At least a year ago I found myself saying “You’re never to old to make the wrong decision” and then forced myself to change the self-talk because it sounded so negative (and I surely didn’t want to compound the problem). I find myself revisiting the statement lately. (That is purely a personal toss-out; not the main topic of this post. I guess I’m sharing so you know you are not alone if you recognize the statement.)
I am finally finishing “Thinking Fast and Slow” by D. Kahneman, thanks to a book club on campus. This book is teaching me that, like most humans, I do too much System One, quick think when I really need to parse out and appraise what is important. It is just so challenging to do, most of the time. However, it is fascinating to discover that even more disciplines than education, philosophy, and psychology actually analyze critical thinking. Kahneman won a Nobel Prize in economics.

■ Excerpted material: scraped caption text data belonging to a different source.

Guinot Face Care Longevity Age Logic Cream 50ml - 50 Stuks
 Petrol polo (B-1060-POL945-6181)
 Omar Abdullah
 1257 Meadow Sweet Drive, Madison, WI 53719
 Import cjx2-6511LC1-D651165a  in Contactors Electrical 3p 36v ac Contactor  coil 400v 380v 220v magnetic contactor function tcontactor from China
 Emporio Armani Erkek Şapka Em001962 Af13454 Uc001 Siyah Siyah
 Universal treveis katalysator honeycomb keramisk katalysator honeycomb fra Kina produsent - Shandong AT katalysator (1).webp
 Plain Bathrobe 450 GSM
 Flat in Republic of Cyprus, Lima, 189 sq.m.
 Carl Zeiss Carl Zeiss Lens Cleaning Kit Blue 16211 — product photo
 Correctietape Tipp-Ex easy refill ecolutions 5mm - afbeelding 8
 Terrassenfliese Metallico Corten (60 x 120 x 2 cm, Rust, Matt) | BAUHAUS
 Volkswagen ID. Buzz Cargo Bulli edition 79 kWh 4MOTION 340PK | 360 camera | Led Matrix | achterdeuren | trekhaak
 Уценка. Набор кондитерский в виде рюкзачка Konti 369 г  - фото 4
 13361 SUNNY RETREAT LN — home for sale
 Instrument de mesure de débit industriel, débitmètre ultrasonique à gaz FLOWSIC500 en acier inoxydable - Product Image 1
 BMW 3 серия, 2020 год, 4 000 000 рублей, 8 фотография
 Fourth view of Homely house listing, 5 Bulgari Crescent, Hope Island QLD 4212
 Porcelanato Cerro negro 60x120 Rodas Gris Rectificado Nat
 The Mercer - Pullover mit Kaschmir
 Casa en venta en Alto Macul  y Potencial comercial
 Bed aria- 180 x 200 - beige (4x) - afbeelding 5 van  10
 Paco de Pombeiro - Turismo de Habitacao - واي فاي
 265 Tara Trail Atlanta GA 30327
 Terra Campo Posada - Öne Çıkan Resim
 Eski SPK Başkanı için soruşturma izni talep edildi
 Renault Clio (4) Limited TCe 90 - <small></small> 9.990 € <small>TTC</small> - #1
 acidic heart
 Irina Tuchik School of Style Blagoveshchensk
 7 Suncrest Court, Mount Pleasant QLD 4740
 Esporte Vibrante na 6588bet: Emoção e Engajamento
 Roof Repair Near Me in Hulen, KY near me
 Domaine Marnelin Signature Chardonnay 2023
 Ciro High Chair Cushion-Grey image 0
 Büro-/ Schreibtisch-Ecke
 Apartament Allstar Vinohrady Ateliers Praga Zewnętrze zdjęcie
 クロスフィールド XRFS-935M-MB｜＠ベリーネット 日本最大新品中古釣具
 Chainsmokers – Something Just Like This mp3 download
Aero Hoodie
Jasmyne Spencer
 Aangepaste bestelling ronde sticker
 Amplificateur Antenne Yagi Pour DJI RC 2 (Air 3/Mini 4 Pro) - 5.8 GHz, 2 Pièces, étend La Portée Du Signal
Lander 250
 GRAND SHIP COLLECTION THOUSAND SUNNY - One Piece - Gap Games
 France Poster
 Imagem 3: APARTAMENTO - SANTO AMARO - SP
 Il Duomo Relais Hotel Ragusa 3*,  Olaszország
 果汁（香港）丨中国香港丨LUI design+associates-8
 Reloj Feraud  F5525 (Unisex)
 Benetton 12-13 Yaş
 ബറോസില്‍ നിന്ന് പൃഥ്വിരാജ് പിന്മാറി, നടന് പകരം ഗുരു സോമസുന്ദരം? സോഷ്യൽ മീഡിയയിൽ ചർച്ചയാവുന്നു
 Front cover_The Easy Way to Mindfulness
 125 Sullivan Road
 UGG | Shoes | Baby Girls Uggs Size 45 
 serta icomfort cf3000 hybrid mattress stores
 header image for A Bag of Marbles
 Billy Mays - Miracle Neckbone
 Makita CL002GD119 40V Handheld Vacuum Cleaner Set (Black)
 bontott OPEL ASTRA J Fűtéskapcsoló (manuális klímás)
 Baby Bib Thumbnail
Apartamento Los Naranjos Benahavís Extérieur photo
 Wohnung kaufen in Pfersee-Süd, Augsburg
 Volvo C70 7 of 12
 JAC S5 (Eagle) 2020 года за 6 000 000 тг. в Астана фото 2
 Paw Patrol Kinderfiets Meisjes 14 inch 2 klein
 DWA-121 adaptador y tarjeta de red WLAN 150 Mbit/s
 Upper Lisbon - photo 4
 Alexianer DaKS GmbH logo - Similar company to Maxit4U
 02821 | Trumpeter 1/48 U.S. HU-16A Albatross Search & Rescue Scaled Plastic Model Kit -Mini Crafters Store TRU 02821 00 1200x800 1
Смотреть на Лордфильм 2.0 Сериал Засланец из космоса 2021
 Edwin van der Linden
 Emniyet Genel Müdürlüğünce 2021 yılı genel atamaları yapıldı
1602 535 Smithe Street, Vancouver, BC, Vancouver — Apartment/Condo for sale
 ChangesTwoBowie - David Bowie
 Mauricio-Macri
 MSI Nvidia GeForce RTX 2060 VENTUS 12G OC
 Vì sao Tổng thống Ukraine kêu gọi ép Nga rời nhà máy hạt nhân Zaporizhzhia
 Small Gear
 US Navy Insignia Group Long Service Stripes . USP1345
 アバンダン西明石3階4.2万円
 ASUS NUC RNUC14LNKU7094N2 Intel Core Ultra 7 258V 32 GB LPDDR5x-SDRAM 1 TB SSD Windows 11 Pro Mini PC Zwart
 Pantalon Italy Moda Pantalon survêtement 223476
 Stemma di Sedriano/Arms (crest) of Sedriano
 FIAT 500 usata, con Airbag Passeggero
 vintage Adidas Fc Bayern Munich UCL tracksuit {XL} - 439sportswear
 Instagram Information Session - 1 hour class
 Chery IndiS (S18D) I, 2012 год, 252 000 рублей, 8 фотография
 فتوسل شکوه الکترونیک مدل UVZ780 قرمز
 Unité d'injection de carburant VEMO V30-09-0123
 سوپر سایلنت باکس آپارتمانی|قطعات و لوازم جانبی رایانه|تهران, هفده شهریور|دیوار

For a number of years I have been working with small groups of people to determine the best ways to teach critical thinking within occupational therapy (and medicine, and other disciplines) and while there is a lot of agreement, there is also the concept that critical thinking is discipline specific, so ‘must’ be defined differently depending upon context.
When considering clinical reasoning it expands the issue exponentially. Some people do not separate the concepts, others do. I am in the later camp.
I am still seeking answers. Please feel free to weigh in on whether you believe CT is distinct within OT and, if so, what makes it unique.